A measure before the Utah Legislature to push for statewide consolidation of 911 emergency dispatch centers should not be viewed as an effort by a higher authority to trump the influence of local entities over local affairs. It should instead be welcomed as an offer to help make a vital public service much more efficient and effective.
Utah House Majority Leader Brad Dee, R-Ogden, has pledged to introduce legislation that would require statewide dispatch centers to be connected in a way that would facilitate seamless intercommunication. His proposal comes after a man died from a heart attack while waiting for up to an hour for emergency responders to arrive. Delays in the response were attributed to confusion over which jurisdiction should handle the call.
The mission of emergency dispatchers is simple: Get the right personnel to the right place as fast as possible. But we have allowed a complicated patchwork of separate dispatch systems — three in Salt Lake County — to operate in separate silos and on different computer platforms which has tended, on thankfully rare occasions, to impede quick response.

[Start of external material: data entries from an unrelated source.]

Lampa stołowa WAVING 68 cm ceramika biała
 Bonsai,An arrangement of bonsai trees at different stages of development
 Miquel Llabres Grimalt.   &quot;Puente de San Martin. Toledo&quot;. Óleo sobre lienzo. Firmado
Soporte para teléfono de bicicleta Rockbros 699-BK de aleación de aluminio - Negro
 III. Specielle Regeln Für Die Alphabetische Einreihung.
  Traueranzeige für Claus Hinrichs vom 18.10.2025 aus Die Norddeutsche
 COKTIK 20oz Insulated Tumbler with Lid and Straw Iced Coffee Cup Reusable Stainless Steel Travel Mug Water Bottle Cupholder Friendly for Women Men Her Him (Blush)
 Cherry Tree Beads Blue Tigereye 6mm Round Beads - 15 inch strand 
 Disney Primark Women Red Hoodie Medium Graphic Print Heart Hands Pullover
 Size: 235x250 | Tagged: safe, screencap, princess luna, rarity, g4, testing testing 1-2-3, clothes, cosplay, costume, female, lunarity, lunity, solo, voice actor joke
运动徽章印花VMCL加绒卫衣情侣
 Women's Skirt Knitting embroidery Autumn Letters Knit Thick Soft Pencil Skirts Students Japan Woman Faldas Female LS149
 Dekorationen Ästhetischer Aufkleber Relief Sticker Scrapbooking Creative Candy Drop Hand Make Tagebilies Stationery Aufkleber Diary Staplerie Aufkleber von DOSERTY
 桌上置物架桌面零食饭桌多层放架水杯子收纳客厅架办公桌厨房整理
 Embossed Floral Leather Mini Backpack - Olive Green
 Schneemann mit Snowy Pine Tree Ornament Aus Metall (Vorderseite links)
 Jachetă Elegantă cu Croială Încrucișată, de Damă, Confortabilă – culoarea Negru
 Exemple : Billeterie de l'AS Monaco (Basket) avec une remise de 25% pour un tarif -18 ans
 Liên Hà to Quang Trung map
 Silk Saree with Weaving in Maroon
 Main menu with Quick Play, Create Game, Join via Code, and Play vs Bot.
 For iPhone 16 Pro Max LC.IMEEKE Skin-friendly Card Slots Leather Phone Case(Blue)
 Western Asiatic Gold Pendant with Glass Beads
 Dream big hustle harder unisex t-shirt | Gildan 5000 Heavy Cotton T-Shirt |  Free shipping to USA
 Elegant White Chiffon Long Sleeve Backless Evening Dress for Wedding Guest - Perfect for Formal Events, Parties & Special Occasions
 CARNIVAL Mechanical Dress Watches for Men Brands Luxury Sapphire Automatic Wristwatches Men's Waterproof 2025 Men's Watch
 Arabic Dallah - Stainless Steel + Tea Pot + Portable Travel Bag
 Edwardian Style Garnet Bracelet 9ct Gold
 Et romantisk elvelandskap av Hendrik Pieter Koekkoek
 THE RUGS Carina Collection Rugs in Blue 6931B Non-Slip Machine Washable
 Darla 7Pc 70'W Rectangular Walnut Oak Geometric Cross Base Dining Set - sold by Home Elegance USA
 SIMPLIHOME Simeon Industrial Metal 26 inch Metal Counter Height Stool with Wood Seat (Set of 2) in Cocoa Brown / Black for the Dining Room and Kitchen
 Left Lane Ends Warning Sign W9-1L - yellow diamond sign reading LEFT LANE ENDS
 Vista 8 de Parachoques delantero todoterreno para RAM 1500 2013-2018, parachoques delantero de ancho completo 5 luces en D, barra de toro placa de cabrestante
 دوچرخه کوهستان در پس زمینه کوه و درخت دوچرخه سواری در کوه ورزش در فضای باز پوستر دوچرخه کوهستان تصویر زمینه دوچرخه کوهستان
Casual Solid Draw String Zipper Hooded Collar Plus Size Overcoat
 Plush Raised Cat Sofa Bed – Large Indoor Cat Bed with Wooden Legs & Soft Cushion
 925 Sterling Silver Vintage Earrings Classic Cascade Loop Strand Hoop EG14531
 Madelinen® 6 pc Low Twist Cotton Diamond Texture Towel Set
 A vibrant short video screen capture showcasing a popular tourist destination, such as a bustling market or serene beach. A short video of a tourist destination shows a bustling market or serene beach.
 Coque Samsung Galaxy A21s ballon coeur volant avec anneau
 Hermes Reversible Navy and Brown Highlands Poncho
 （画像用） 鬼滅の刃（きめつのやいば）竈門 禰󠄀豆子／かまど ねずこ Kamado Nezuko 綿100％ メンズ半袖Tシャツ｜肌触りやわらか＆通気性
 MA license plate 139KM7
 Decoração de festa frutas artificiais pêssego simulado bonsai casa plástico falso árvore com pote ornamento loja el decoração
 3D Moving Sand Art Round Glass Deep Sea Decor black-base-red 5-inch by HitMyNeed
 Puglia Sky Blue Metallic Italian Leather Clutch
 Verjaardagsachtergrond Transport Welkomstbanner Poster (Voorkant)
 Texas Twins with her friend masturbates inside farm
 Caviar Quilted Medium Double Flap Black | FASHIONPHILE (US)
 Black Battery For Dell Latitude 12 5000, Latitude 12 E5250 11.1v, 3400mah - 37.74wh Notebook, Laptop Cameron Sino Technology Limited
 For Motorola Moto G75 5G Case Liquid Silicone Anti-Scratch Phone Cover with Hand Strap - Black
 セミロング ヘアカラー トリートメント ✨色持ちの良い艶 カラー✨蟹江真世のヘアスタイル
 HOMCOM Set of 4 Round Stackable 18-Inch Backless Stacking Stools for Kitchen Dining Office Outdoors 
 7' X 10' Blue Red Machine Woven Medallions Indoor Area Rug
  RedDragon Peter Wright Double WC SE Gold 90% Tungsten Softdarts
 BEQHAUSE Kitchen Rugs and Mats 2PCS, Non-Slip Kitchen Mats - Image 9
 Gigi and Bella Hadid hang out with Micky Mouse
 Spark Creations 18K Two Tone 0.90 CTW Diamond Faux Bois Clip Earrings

Salt Lake County government has tried for years to persuade emergency dispatch entities to get on the same page, but County Mayor Ben McAdams says the effort has been “frustrating” as a result of what has been described as a series of “turf wars.”
It is understandable that local entities wish to protect their turf, but there is clearly a greater good achieved by consolidation, which, by the way, doesn’t necessarily mean local authorities will lose control over basic policies and procedures for responding to emergency calls.
The root of the problem is that dispatch entities, acting on their own, have contracted separately for communications systems and other technical services without assuring that those systems are positioned to effectively communicate with each other. Fixing that won’t be cheap, but the county has set aside $1.4 million to help with the cost.
In addition, Rep. Dee says his forthcoming proposal will include financial incentives or subsidies for cash-strapped rural entities to bring their systems into compliance with a statewide network. The lawmaker envisions a consolidated system that will allow a policeman in Logan to communicate with an officer in St. George on the same platform.
Such a system will result in faster response times and, as a likely result, lives will be saved. That’s reason enough to justify the costs and to relax attitudes about preserving local autonomy.